Sin embargo, el clima volvió a tensarse unos minutos después. Mientras debatían distintas situaciones del juego, Gastón Trezeguet pidió la palabra y lanzó: "Y también si tengo diez segunditos me gustaría decir que todo lo que pienso y como esto de Pincoya lo digo porque realmente nadie me baja línea. Lo digo porque Laurita anduvo diciendo que nos bajan línea y que todos opinamos lo mismo por eso. A veces hay que aceptar cuando los jugadores que a uno le gustan van perdiendo en lugar de tirar mierda por todos lados". La respuesta de Ubfal no tardó en llegar y fue tan directa como breve: "Yo acepto todo, querido, no tiro mierda".
Pero la discusión no terminó ahí. Eliana Guercio también se metió en el intercambio y cuestionó la mirada de la periodista sobre las votaciones y los participantes que llegan a la placa. "Ahora las votaciones son increíbles si le gusta a ella el participante. En las tres anteriores le gustó, en esta no le gusta...", disparó Guercio.
Ante el ida y vuelta que comenzaba a crecer en el estudio, Del Moro intervino para intentar poner paños fríos y recordar cuál es, en definitiva, el centro de la competencia: los jugadores que están dentro de la casa. "El juego está dentro de la casa", sentenció el conductor.
Qué dijo Laura Ubfal sobre Marisa Brel
Laura Ubfal quedó en el centro de una fuerte polémica tras su ausencia en el debate de Gran Hermano (Telefe). En medio de rumores sobre una supuesta suspensión y de un enfrentamiento con Marisa Brel -quien ocupó su lugar en el programa y celebró públicamente haber sido convocada para reemplazarla, además de lanzar críticas hacia ella-, la periodista decidió salir a aclarar la situación.

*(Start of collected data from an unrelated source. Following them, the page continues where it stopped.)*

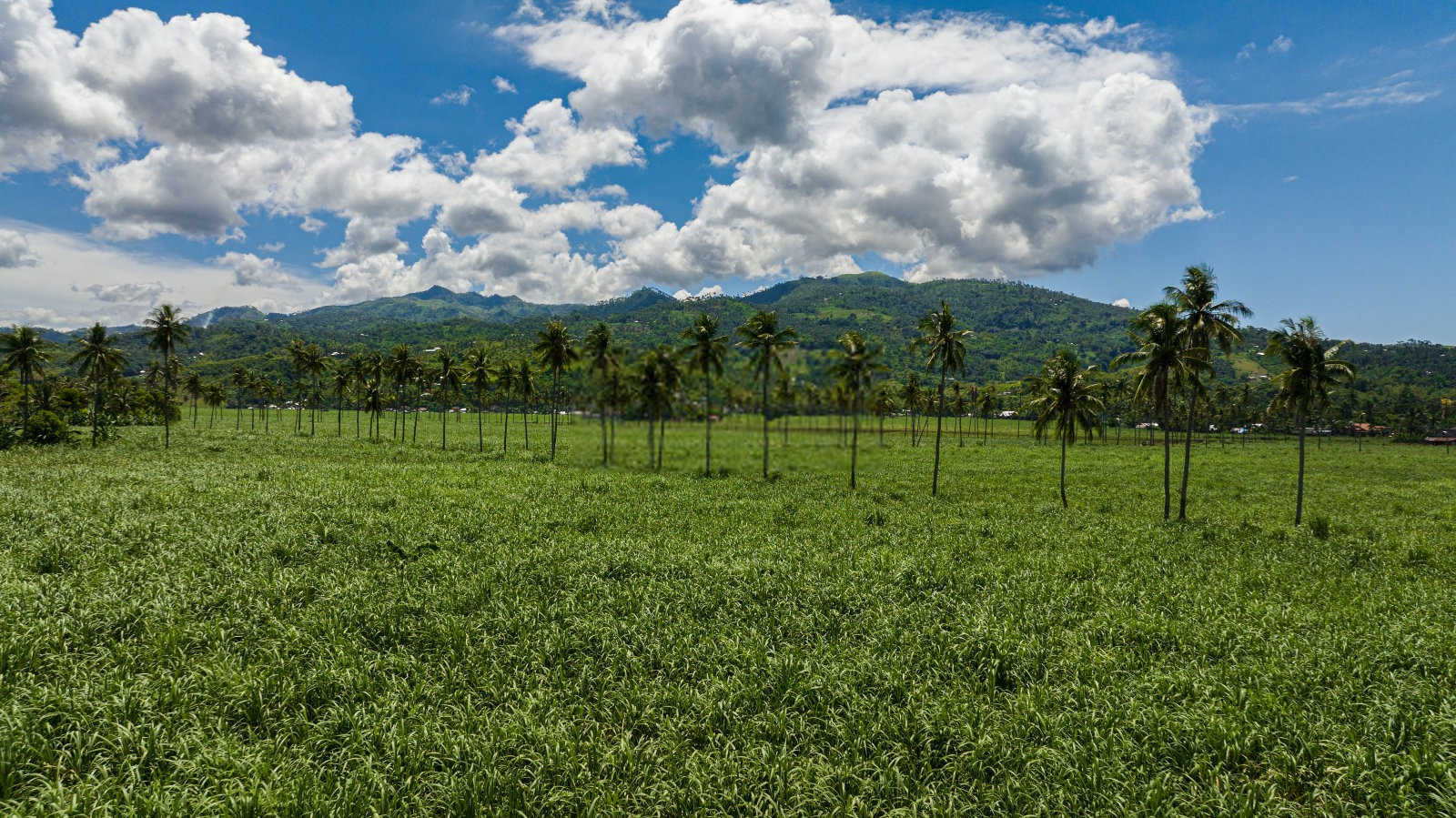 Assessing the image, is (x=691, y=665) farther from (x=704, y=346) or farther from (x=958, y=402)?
(x=958, y=402)

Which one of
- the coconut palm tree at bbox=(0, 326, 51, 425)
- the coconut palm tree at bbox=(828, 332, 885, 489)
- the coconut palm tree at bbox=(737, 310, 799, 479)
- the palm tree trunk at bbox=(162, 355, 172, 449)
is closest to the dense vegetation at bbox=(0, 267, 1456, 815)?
the coconut palm tree at bbox=(828, 332, 885, 489)

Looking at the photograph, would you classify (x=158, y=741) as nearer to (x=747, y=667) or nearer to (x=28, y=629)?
(x=28, y=629)

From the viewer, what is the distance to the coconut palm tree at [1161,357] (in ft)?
99.6

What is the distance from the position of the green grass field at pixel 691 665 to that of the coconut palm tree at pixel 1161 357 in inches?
363

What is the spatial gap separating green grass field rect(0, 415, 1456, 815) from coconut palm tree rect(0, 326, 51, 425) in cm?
3837

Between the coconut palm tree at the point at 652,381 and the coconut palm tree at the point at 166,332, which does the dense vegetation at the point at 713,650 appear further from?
the coconut palm tree at the point at 166,332

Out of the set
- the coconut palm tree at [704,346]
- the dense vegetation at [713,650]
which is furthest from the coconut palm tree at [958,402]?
the dense vegetation at [713,650]

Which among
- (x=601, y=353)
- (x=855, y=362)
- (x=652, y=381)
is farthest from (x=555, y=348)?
(x=855, y=362)

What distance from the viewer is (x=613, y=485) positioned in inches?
1463

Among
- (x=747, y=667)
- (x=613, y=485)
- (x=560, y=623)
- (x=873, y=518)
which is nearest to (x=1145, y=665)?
(x=747, y=667)

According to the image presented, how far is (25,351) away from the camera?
4966cm

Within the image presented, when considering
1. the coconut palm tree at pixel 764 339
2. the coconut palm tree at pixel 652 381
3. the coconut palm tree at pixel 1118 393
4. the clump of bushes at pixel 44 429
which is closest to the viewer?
the coconut palm tree at pixel 764 339

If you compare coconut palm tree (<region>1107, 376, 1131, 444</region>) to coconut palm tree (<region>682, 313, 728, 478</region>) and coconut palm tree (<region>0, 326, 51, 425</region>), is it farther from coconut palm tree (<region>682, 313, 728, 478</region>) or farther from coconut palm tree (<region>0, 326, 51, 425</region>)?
Answer: coconut palm tree (<region>0, 326, 51, 425</region>)

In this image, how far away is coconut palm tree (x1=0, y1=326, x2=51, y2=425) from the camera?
161ft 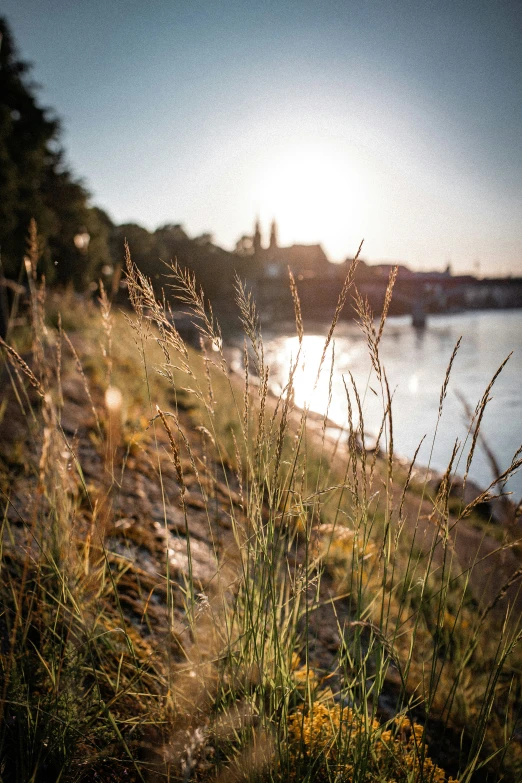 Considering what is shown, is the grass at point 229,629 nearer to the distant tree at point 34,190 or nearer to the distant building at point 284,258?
the distant building at point 284,258

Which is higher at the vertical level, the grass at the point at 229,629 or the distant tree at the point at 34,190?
the distant tree at the point at 34,190

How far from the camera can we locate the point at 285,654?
1.27 m

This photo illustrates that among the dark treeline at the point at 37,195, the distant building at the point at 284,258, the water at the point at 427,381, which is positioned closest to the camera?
the water at the point at 427,381

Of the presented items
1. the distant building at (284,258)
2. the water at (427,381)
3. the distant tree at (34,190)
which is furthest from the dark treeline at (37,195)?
the distant building at (284,258)

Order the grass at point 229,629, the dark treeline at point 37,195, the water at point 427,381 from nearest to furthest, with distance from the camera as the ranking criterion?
the grass at point 229,629 → the water at point 427,381 → the dark treeline at point 37,195

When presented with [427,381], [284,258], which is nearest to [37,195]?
[427,381]

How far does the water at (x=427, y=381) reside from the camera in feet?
7.43

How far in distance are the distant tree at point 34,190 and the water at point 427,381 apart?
26.8 ft

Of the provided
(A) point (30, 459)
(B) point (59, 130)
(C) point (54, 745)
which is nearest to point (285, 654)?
(C) point (54, 745)

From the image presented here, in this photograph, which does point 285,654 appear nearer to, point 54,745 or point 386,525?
point 386,525

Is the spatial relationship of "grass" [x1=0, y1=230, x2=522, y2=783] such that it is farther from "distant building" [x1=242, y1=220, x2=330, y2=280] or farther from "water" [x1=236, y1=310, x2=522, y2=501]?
"distant building" [x1=242, y1=220, x2=330, y2=280]

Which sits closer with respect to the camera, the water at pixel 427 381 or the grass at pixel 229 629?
the grass at pixel 229 629

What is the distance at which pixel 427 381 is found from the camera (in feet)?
56.4

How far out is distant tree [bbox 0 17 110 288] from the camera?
12070 mm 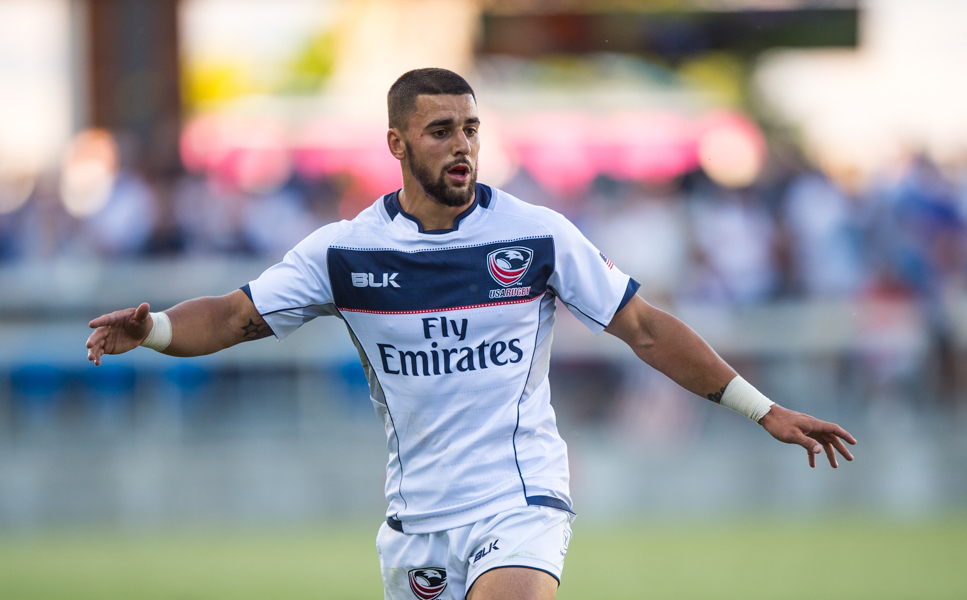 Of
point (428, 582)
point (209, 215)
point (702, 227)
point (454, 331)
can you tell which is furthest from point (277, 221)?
point (428, 582)

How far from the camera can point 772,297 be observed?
12.3 metres

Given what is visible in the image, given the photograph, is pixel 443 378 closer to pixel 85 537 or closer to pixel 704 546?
pixel 704 546

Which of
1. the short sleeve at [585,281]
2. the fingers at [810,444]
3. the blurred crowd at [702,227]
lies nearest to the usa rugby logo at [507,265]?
the short sleeve at [585,281]

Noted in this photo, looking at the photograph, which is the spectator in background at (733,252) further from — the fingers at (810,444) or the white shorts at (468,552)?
the white shorts at (468,552)

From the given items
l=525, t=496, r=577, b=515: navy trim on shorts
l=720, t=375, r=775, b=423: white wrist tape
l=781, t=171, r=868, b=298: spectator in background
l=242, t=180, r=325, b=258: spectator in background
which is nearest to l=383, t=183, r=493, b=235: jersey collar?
l=525, t=496, r=577, b=515: navy trim on shorts

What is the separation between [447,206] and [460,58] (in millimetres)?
17820

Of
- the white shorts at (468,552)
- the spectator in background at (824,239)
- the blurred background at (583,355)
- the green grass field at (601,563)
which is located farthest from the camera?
the spectator in background at (824,239)

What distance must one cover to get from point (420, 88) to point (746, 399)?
1.78m

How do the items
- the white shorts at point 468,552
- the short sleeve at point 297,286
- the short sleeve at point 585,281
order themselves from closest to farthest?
the white shorts at point 468,552 < the short sleeve at point 585,281 < the short sleeve at point 297,286

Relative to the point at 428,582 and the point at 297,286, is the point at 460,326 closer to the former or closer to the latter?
the point at 297,286

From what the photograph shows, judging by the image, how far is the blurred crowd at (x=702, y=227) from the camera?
12406mm

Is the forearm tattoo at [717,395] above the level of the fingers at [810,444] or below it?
above

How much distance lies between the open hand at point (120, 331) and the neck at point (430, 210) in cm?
111

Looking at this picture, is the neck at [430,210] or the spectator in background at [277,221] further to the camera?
the spectator in background at [277,221] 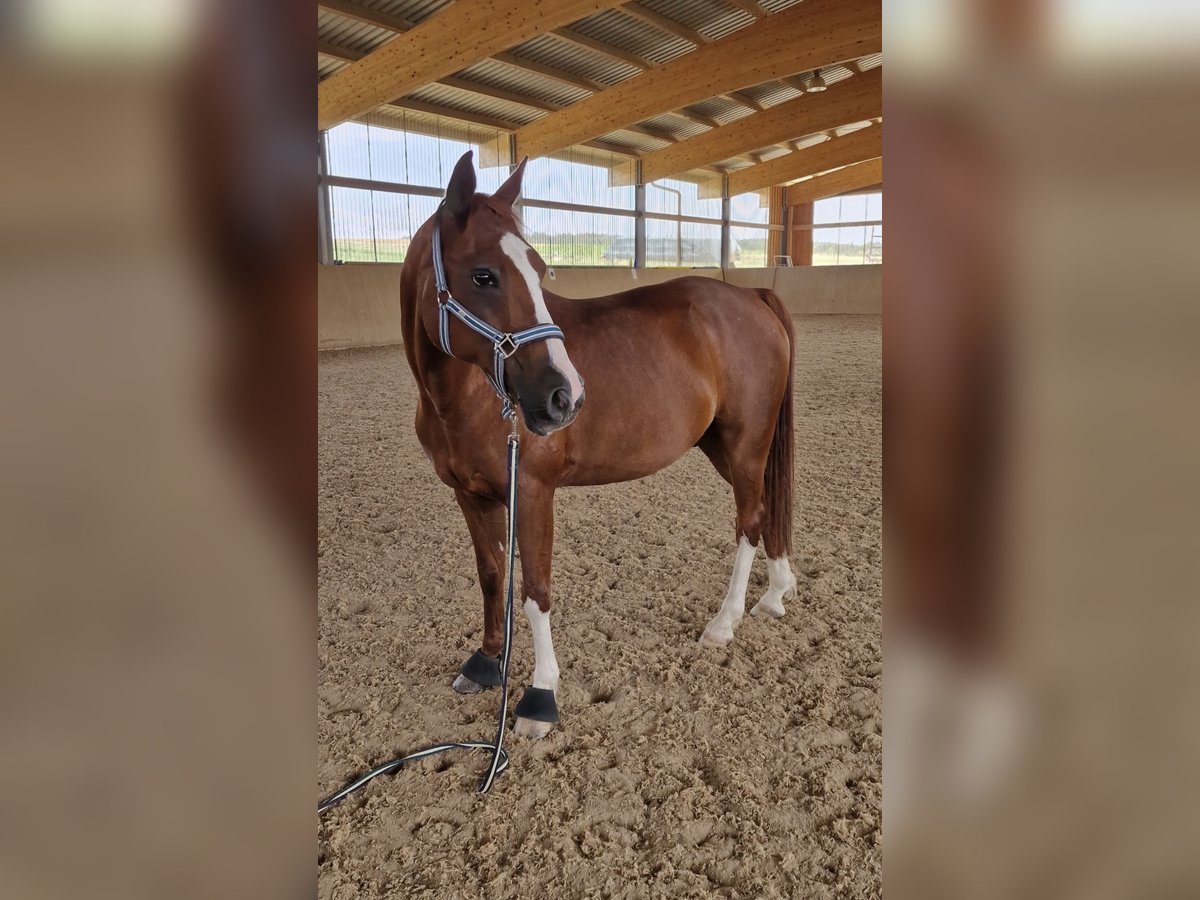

En diálogo con Bondi Live, Ubfal fue contundente respecto de su continuidad en el ciclo: "No me suspendieron, no me echaron. El domingo voy a estar en el programa", aseguró, despejando cualquier especulación sobre su futuro en el panel.
Consultada sobre la llegada de Brel como reemplazo, la periodista evitó profundizar en la histórica rivalidad que mantienen desde hace años, aunque dejó una frase con evidente ironía: "No voy a decir que me puso feliz que llamaran a Brel, pero si ellos consideraron que era la persona que tenían que llamar, ya está".
La definición más filosa llegó al cierre de su descargo, cuando lanzó una frase cargada de sarcasmo hacia su colega: "Se llevó las migajas chicos, ya fue. Que se vaya de viaje y que sea feliz", concluyó Ubfal, dejando en claro que el conflicto entre ambas sigue más vigente que nunca.